Improve Bruker xml parsing by using iterparse instead of parsing the complete xml file #267

h-mayorquin · 2023-12-05T11:18:17Z

Currently the Bruker parsing of streams is failng for the files from the Clandinin conversion. The part that fails is the plane extraction as the regular expression does not match properly (the script that generates the failure is on the bottom):

Traceback (most recent call last):
  File "/home/heberto/development/roiextractors/build/dev.py", line 12, in <module>
    streams  = get_streams()
  File "/home/heberto/development/roiextractors/build/dev.py", line 11, in <lambda>
    get_streams = lambda: BrukerTiffMultiPlaneImagingExtractor.get_streams(folder_path=folder_path)
  File "/home/heberto/development/roiextractors/src/roiextractors/extractors/tiffimagingextractors/brukertiffimagingextractor.py", line 123, in get_streams
    plane_stream_names = [
  File "/home/heberto/development/roiextractors/src/roiextractors/extractors/tiffimagingextractors/brukertiffimagingextractor.py", line 124, in <listcomp>
    re.search(plane_naming_pattern, file.attrib["filename"])["stream_name"]
TypeError: 'NoneType' object is not subscriptable

roiextractors/src/roiextractors/extractors/tiffimagingextractors/brukertiffimagingextractor.py

Lines 120 to 130 in b33f00c

    
           unique_channel_ids = natsort.natsorted(set(channel_ids)) 
        
           for channel_id, channel_name in zip(unique_channel_ids, unique_channel_names): 
        
               plane_naming_pattern = rf"(?P<stream_name>Ch{channel_id}_\d+)" 
        
               plane_stream_names = [ 
        
                   re.search(plane_naming_pattern, file.attrib["filename"])["stream_name"] 
        
                   for file in xml_root.findall(f".//File") 
        
               ] 
        
               unique_plane_stream_names = natsort.natsorted(set(plane_stream_names)) 
        
               streams["plane_streams"][channel_name] = unique_plane_stream_names 
        
           return streams

Even worse reading large xml files with the current setup is terribly slow. Even commenting out the part that fails above this is the current reading speed for a ~ 30 MiB file:

(the script, added at the bottom does this five times)

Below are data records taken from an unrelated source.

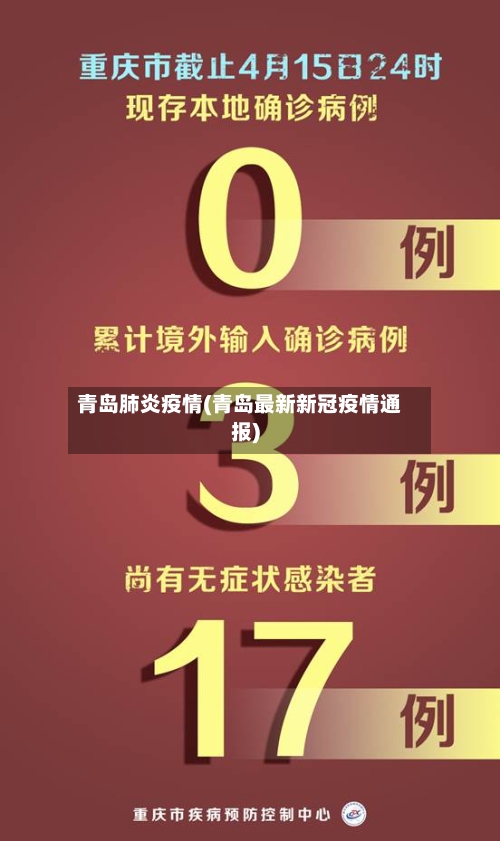 青岛肺炎疫情(青岛最新新冠疫情通报)-第1张图片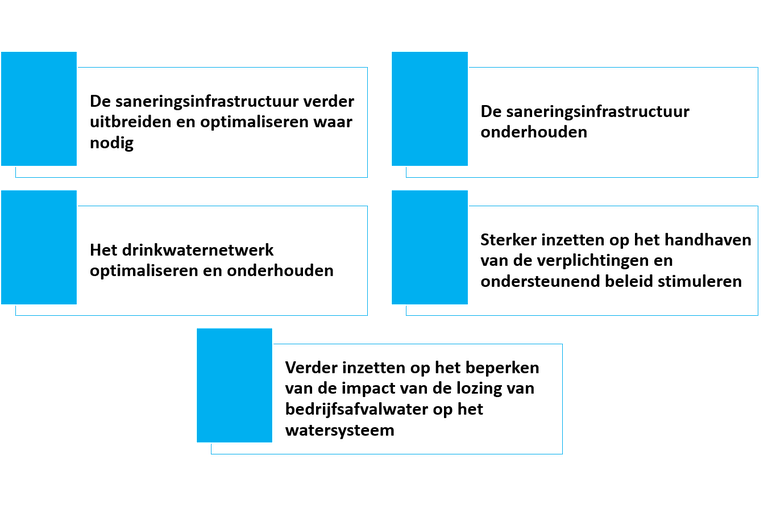 krachtlijn 2 - doelstellingen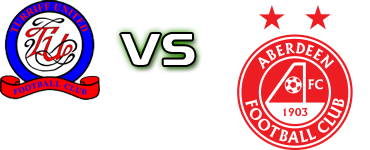 Turriff - Aberdeen B Spiel Prognosen und Statistiken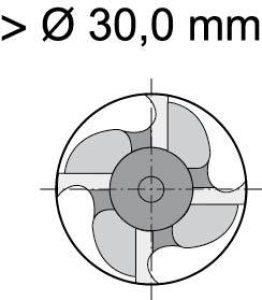 dlhá DIN844 HSSE typ N 32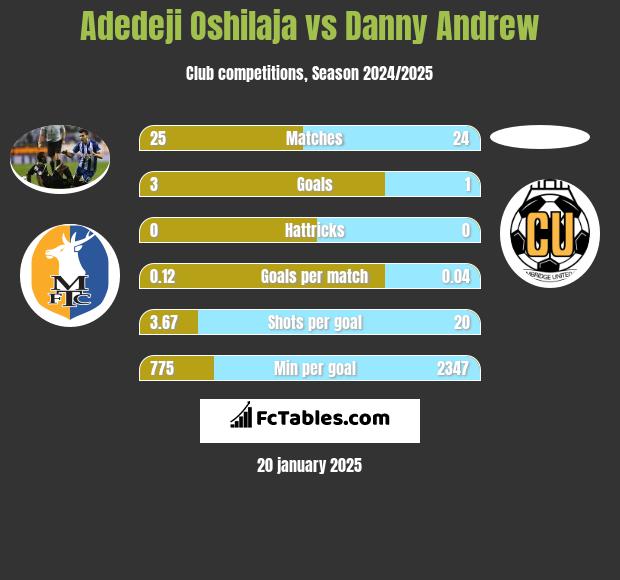 Adedeji Oshilaja vs Danny Andrew h2h player stats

Execution times: ['9.278', '8.280', '8.254', '8.178', '8.191']
Average time: 8.436
Standard deviation: 0.472

This PR fixes the regular expression and uses iterparse to read the file faster. It only reads the information that is needed instead of parsing the whole file to extract the information from the first Sequence. This reduces xml metadata extraction drastically:

Execution times: ['0.011', '0.002', '0.002', '0.002', '0.002']
Average time: 0.004
Standard deviation: 0.004

So a thousand-fold improvement with large xml files.

The script:

import timeit
from pathlib import Path
from roiextractors.extractors.tiffimagingextractors.brukertiffimagingextractor import BrukerTiffMultiPlaneImagingExtractor
from statistics import mean, stdev

# Define the folder path
folder_path = Path("/media/heberto/One Touch/Clandinin-CN-data-share/brezovec_example_data/imports/20200228/fly3/func_0/TSeries-02282020-0943-001")
assert folder_path.is_dir()

# Define the function to be timed
get_streams = lambda: BrukerTiffMultiPlaneImagingExtractor.get_streams(folder_path=folder_path)
# streams  = get_streams()
# print(f"{streams=}")

# Time the execution
num_executions = 5
times = timeit.repeat(get_streams, number=1, repeat=num_executions)

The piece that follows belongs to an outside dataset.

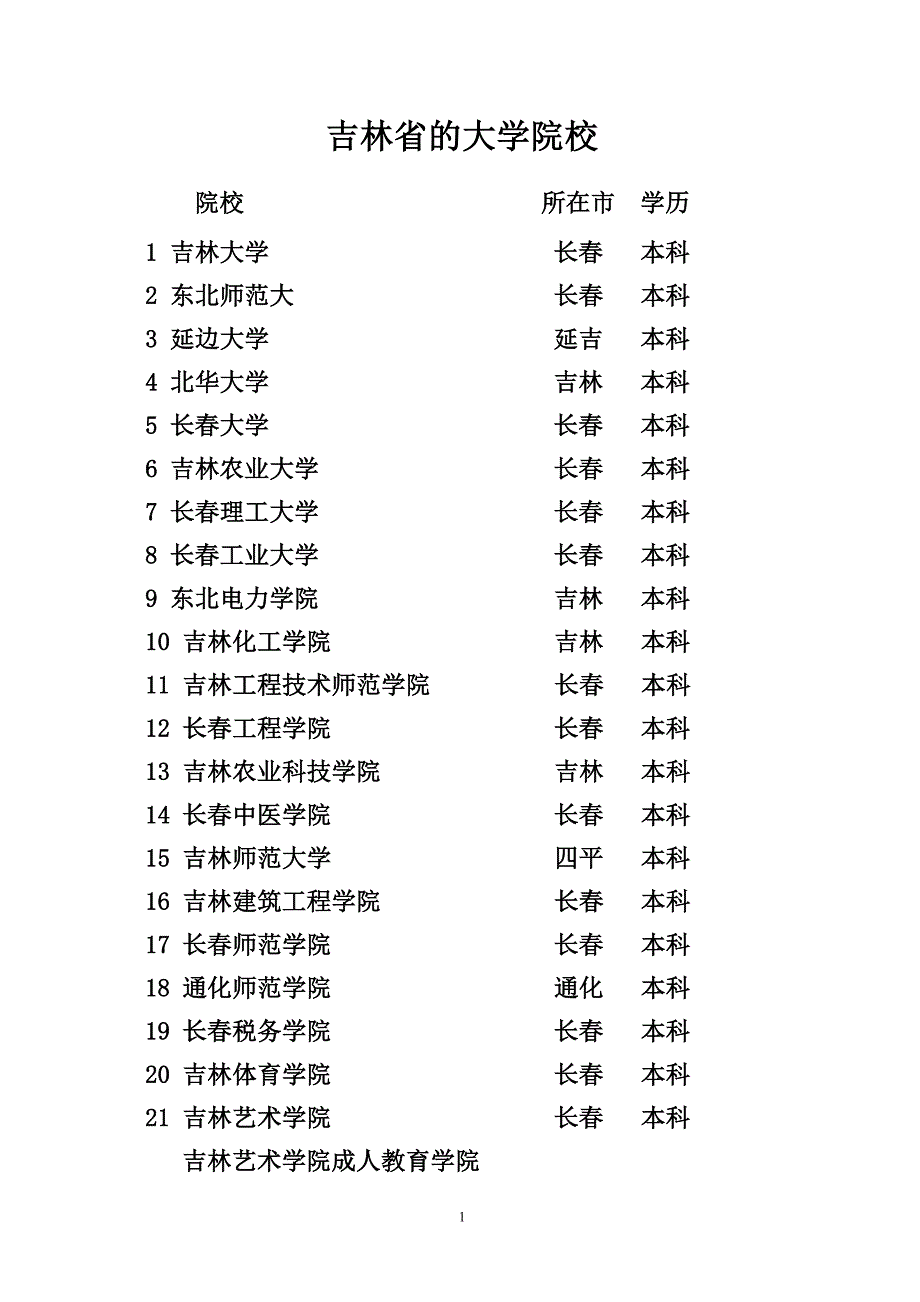 吉林省的大专院校1_第1页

# Calculate and format the results
average_time = mean(times)
std_dev_time = stdev(times)
formatted_times = [f"{t:.3f}" for t in times]

print("Execution times:", formatted_times)
print("Average time: {:.3f}".format(average_time))
print("Standard deviation: {:.3f}".format(std_dev_time))

for more information, see https://pre-commit.ci

…' into improve_bruker_tiff

CodyCBakerPhD · 2023-12-05T14:11:46Z

Leaving this one to @alessandratrapani - I would ask though, for testing of the regex, if it's possible to have the header file included in the example files for the format so we have a diversity of examples there to consider and test against

h-mayorquin · 2023-12-05T14:23:43Z

For the header, are you are talking about the xml file?

Two points:

It is 30 MiB. We could stub it though to only have a couple of sequence.
It is from the Clandinin group so we should ask.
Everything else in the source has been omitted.